* _Dataset extract_:
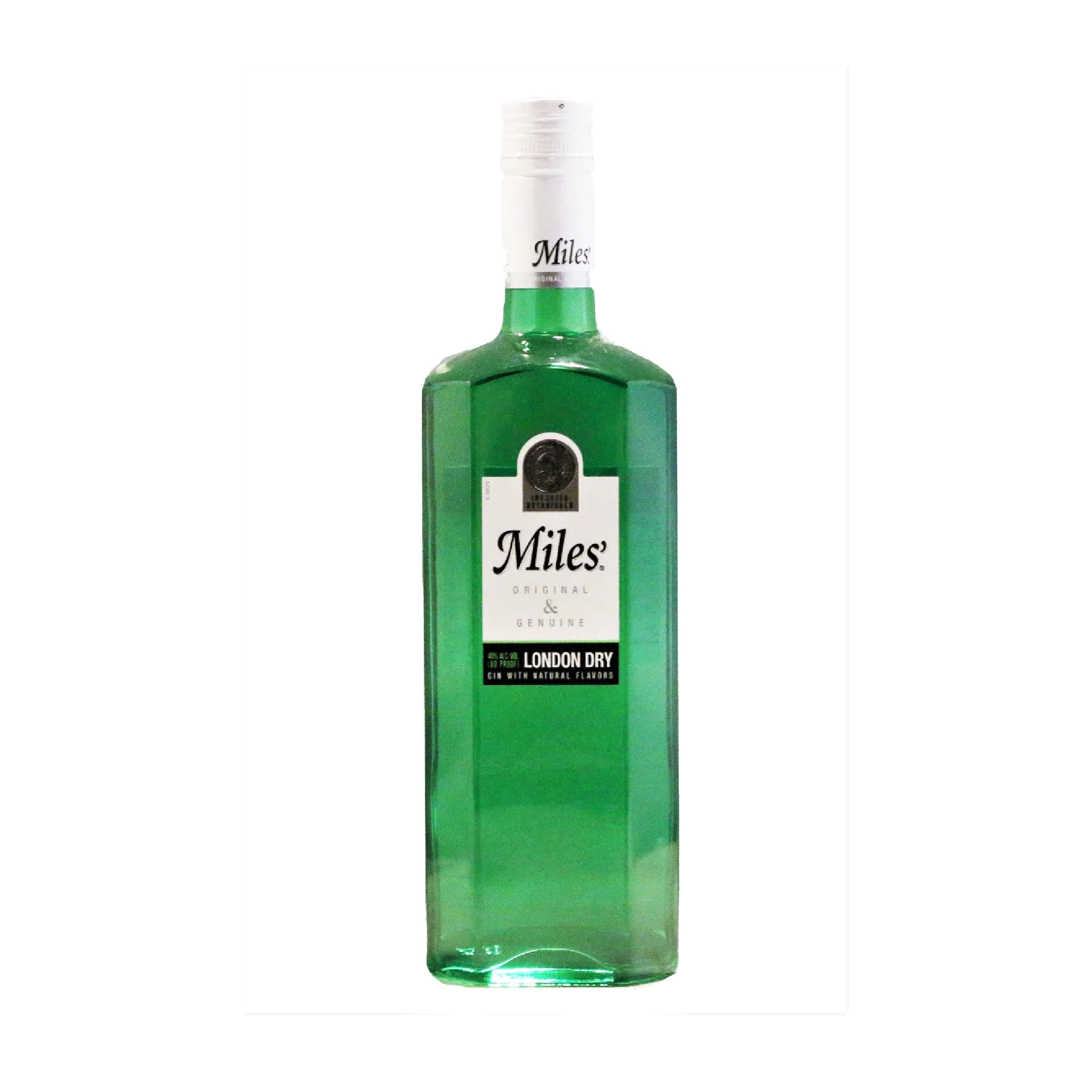 Bottle of Miles London Dry Gin by Liquor Geeks, 750ml, with clear label and elegant packaging on a neutral background.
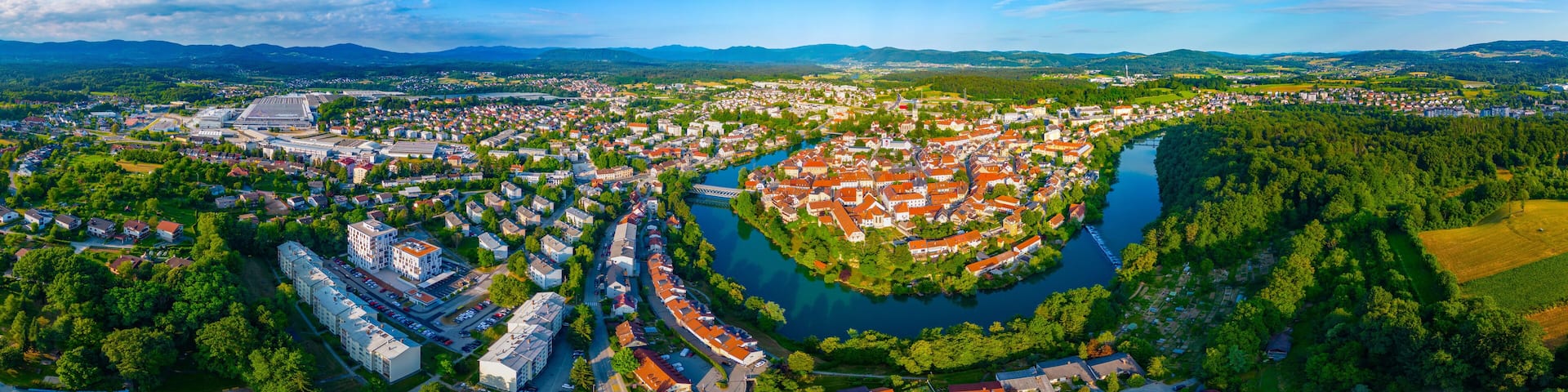 Aerial view of Novo Mesto in Slovenia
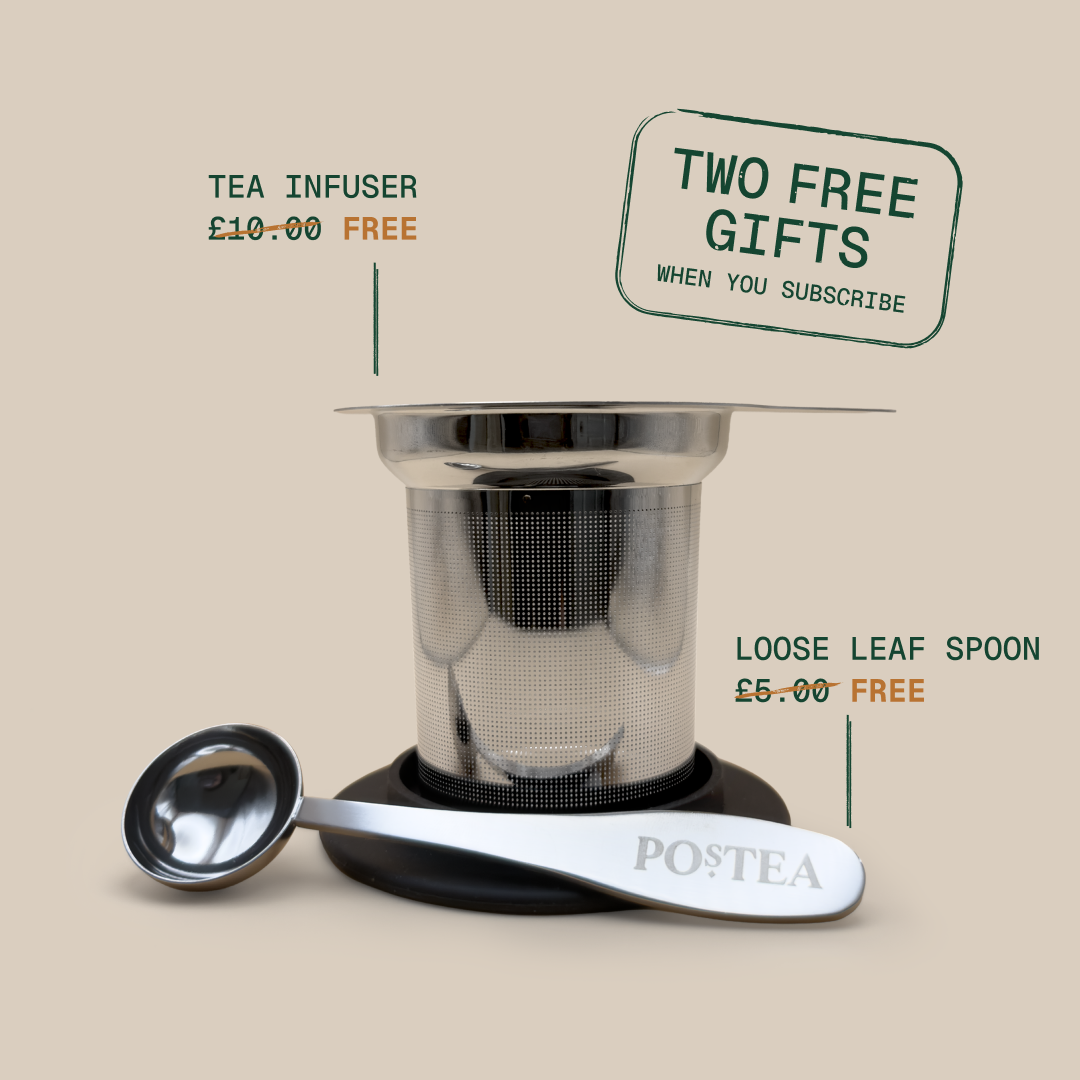 Free stainless steel tea infuser and scoop included with every Postea tea subscription box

* _What you are asked to do_:
Reproduce the full material exactly, excluding the pictures.

* _Solution for this task_:
 Bottle of Miles London Dry Gin by Liquor Geeks, 750ml, with clear label and elegant packaging on a neutral background.
 Aerial view of Novo Mesto in Slovenia
 Free stainless steel tea infuser and scoop included with every Postea tea subscription box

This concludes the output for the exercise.